As a result of the growing need for secure systems and services, the design of reliable personal recognition systems is becoming more and more important. In this context, biometric systems which use physiological and/or behavioural traits such as fingerprints, face, iris or voice for automatic recognition of individuals has a number of advantages over conventional authentication methods such as PINs, cards or passports.
In spite of the advantages, however, a growing body of independent work shows that all biometrics systems are vulnerable to subversion, either evasion in the case of surveillance or, as is the interest in this thesis, spoofing in the case of authentication.

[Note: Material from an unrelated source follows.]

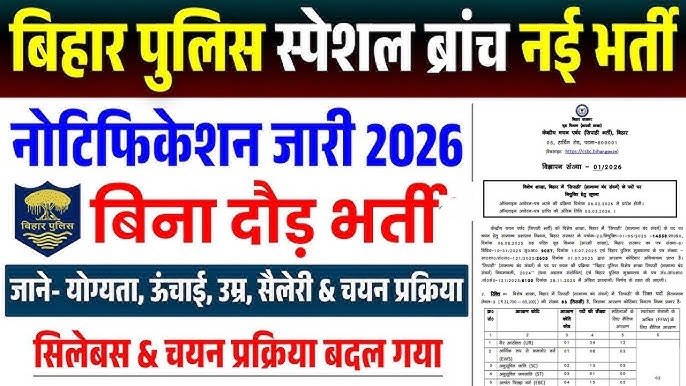 Bihar Police Constable GD Recruitment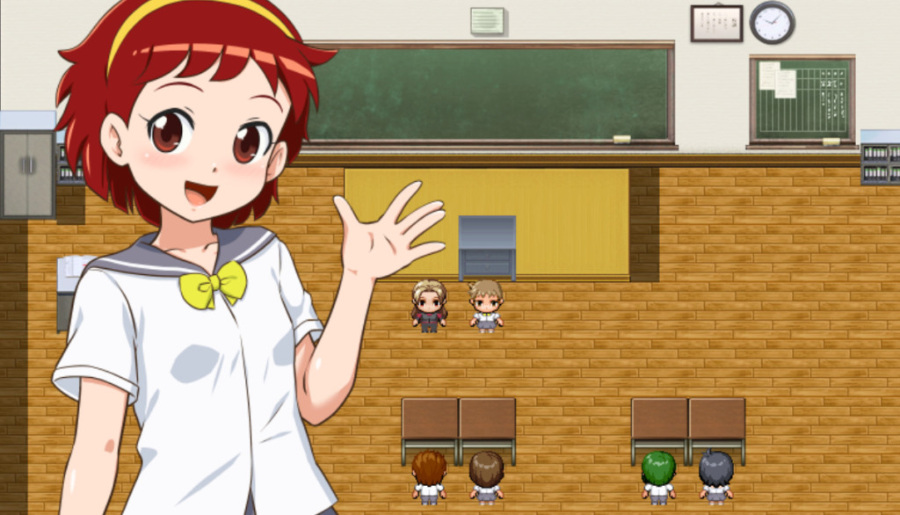 [RJ282703][金色のモンドセレクション]出動! 全裸風紀委員会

Surprisingly, there is only a small (but growing) body of work to develop countermeasures which can offer some protection from spoofing attacks.
This thesis presents some of the first solutions to this problem in the case of automatic speaker verification (ASV) systems.
First, the thesis reports an analysis of potential vulnerabilities and introduces an approach to evaluate ASV system performance in the face of spoofing. It presents the first comparison of established attacks (e.g.\ voice conversion and speech synthesis) and introduces a new threat in the form of non-speech signals (e.g.\ artificial signals). Also considered in the difference between spoofing attacks in terms of the effort required for their successful implementation. The thesis reports assessments with a number of ASV systems, from the standard GMM-UBM approach to the state-of-the-art i-vector scheme with PLDA post-processing. Experimental results show that all systems are vulnerable to spoofing. Voice conversion is the most effective attack and provokes increases in false acceptance rates to over 70%.
Second, the thesis presents three new spoofing countermeasures and their integration with state-of-the-art ASV systems. The first countermeasure is based on the detection of repetitive pattern which is effective in detecting artificial signals. The second is based on the analysis of feature dynamics which is effective in detecting converted voices. Like all competing approaches, both of these countermeasures make inappropriate use of prior knowledge. The third countermeasure therefore introduces for the first time the notion of generalized countermeasures, here implemented with one-class classifiers as a solution to outlier detection (unseen attacks). It exploits local binary pattern (LBP) analysis of speech spectrograms for feature extraction and one-class support vector machine (SVM) classifiers. The generalised countermeasure, and therefore the most practically useful, achieves equal error rates (EER) of 5%, 0.1% and 0% in the detection of voice conversion, speech synthesis and artificial signal spoofing attacks respectively.